There was no trace of who had done this, no archeological remains, no cities, no settlements, no landing sites. Yet it was clear that at some time between the end of the dinosaurs and the arrival, or at least flourishing, of man, some people or some things had made an effort to preserve life as it was found on Earth at that time. Close estimates, based on the flora and fauna to be found in the new world, suggested a timeline of between three million and five million years, BC. Yet not all the animals and plants found fell into that range. Some seemed newer, still others older. Some were completely alien to both New Earth and Old.

It was then suggested that evolution on the planet itself had continued, creating new species through the same mechanism as on Earth. This, however, failed to solve the riddle of the older animals, thought extinct on Earth well before the presumptive date of the transplanting. Some believed that the fossil record on Earth was by no means complete; scientists and explorers could have missed or misdated any number of species. Moreover, since coelacanth had hung on for some fifty million years longer than scientists had thought before it was rediscovered, why should not have archaeopteryx?

The fossil record of the new world was quite limited. There were no missing links and most of the animals found seem to have suddenly appeared.

It was not—and is not—known if the Noahs who had seeded the planet had also created the rift that allowed instantaneous transport between Earth's solar system and the other or if they had merely used something that was already there. As to whether man could make use of the rift, reliably, that awaited events.

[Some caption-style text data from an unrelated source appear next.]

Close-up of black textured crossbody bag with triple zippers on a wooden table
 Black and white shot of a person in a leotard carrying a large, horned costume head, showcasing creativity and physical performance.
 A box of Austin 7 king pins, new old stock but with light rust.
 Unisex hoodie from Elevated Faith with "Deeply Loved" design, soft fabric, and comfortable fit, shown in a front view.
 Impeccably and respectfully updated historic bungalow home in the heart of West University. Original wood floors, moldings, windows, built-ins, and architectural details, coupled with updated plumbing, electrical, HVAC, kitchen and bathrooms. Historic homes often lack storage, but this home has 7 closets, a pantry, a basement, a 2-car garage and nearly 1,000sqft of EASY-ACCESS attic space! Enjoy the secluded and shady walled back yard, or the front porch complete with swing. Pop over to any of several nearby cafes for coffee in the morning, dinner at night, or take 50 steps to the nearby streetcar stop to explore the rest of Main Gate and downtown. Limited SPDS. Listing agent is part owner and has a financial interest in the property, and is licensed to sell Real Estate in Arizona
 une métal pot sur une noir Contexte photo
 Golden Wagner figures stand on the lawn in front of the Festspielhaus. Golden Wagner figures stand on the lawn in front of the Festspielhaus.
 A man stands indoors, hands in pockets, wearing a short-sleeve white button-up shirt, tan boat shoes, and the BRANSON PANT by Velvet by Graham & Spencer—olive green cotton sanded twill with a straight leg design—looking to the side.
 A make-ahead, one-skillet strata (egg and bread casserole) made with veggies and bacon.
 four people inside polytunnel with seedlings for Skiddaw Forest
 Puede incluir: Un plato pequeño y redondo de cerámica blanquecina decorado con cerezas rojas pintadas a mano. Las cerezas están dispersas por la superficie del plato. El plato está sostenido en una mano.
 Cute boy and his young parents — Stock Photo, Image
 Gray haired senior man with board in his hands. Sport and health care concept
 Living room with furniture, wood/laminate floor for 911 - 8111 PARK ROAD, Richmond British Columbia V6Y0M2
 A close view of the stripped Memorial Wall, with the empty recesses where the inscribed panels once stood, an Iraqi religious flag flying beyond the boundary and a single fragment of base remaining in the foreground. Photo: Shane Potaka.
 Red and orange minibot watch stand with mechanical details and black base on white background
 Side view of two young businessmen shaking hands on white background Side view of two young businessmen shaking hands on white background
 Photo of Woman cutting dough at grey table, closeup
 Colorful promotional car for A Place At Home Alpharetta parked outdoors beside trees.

In the event, man being man, extinct species on the old world tended to become extinct species, extinct out of zoos anyway, on the new.

Chapter Five

In peace, children inter their parents; war violates the order of nature and causes parents to inter their children.

—Herodotus

Cochea, 12/7/459 AC

Hennessey had first laid eyes upon his future wife at a national festival. She had been seventeen then, one of the dancers garbed in the national costume the Balboans had brought with them from Earth, the pollera. Linda's hair had been done up in an intricate array of gold and silver. There was no word adequate to describe her. Perhaps "stunning" came close.